The most common symptom of COPD at each visit was shortness of breath during exercise (approximately 90% of patients). According to GOLD 2017-2022 recommendations, at initial visit, the majority of the patients were categorized into GOLD D group (49.8%), followed by GOLD B (41.2%), GOLD A (7.3%), and GOLD C groups (1.6%) – see Table 7).
The severity of dyspnea was assessed using a mMRC questionnaire and was stable from visit to visit. At each visit about 80% of patients had a mMRC ≧ 2. About half of patients had mMRC grade 2. The second most numerous groups were patients with mMRC grade 3 (about 30%), then with grade 1 (about 20%). Fewest patients had grade 4 (about 3%) or 0 (about 1.5%) dyspnea severity. In the CAT test patients obtained median scores from 15 to 17 points and these results were comparable for each visit (17 [IQR:11-22] for initial visit; 16 [11-21] at 6-month; 16 [11-21] at 12-month; 15 [10-20] at 18-month and 17 [13-21] at 24-month visit]). At each visit at least 80% of patients had CAT score ≧ 10. Figure 4 presents the proportions of patients with mMRC levels (A) and CAT more or less than 10 points (B).
Discussion
This non-interventional observational study aimed to assess the frequency of COPD exacerbations and hospitalizations due to these exacerbations and to evaluate the changes in lung function for 2 years observation period in patients treated with ICS/LABA in everyday medical practice in Poland. Patient-related outcomes, such as symptoms, smoking habits, and type of treatment were also recorded during this study. Moreover, in this publication, the risk of COPD exacerbations was assessed using a new strategy of pulmonary functional test interpretation recommended by the ATS/ERS in 2022[6].

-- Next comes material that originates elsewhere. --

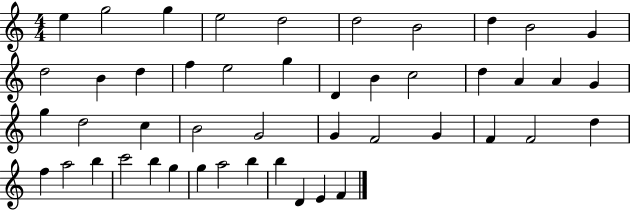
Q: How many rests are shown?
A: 0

The results of our study demonstrated that the lung function of study patients measured by FEV1 did not change during the study (Table 4). The proportion of patients with mild, moderate, severe, and very severe airflow limitations was generally stable throughout the study. At initial visit patients had mild airflow limitation accounted for 2.5%, with moderate airflow limitation for 25.1%, with severe – for 59.0% and with very severe – and 13.4% (Table 4). Comparable distribution of airflow limitation severity categories can be found in other real-life studies where approximately 10% of patients are categorized with very severe airflow limitation and the patients with mild category are the less numerous (approximately 2-3%)[14,15,16]. An interesting observation is that the decliners were mainly in the group with milder airflow limitation, which agrees with observations from large clinical trials[17].

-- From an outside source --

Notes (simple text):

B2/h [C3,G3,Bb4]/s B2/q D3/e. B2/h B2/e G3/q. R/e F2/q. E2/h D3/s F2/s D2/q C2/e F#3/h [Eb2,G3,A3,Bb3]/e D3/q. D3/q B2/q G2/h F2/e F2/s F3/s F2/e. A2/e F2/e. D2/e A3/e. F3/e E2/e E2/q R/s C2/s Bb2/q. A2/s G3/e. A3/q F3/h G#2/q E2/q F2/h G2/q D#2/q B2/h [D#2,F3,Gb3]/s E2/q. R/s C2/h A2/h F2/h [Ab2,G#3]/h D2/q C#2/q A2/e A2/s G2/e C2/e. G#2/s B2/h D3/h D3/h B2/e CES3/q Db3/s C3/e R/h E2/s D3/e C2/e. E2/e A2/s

Above 75% of patients enrolled in the study experienced exacerbation of COPD, and almost half of them were hospitalized due to exacerbation in 12-months period preceding the study entry (Figure 2). This proportion is relatively high and shows that COPD leads to a significant medical and financial burden on the Polish healthcare system. Interestingly, 330 patients were defined as 'decliners' (the decrease of FEV1 greater than 100 ml was observed during the study conduct), but the rate of exacerbation in this group was similar to that in 'non-decliners' (Table 3).

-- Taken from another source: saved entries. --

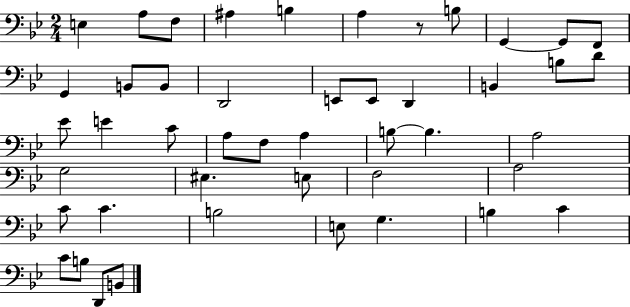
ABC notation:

X:1
T:Untitled
M:2/4
L:1/4
K:Bb
E, A,/2 F,/2 ^A, B, A, z/2 B,/2 G,, G,,/2 F,,/2 G,, B,,/2 B,,/2 D,,2 E,,/2 E,,/2 D,, B,, B,/2 D/2 _E/2 E C/2 A,/2 F,/2 A, B,/2 B, A,2 G,2 ^E, E,/2 F,2 A,2 C/2 C B,2 E,/2 G, B, C C/2 B,/2 D,,/2 B,,/2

A wide range of exacerbating COPD patient proportions can be found in other real-life studies. In Bulgarian 1-year prospective observational study, the percentage of patients with exacerbations in 12-months period before the study was similar, accounting for approximately 75%[18]. Two large observational studies conducted in Central and Eastern European countries, Switzerland and Israel, also demonstrated comparable proportions of exacerbating COPD in similar periods [14,15]. The POPE study, another observational study conducted in Central and Eastern European countries, demonstrated much lower percentage of exacerbating patients accounting for 37%)[19]. The German study DACCORD showed that only about 20-25% of COPD patients had exacerbation in 6-months period prior to the study entry[16,20]. Another German non-interventional study on 3653 COPD patients reported a 35% frequency of exacerbations in the 2-years period preceding the study entry[21].
The categorization of patients by two systems of lung function impairment severity evaluation (GOLD and ATS/ERS) showed that there were no patients categorized simultaneously as GOLD-non-severe and ATS/ERS-severe (FEV1> 50% pred. and z-score <-4) (Figure 3). Patients categorized by the two systems as non-severe statistically significantly more frequently were decliners (Table 5). Patients classified into different severity lung function groups (non-severe and severe, independent of the method of classification GOLD or ATS/ERS) had similar exacerbation risk, demonstrating that the new ATS/ERS 2022 strategy for evaluation of lung function impairment severity seems inappropriate for the assessment of exacerbation risk.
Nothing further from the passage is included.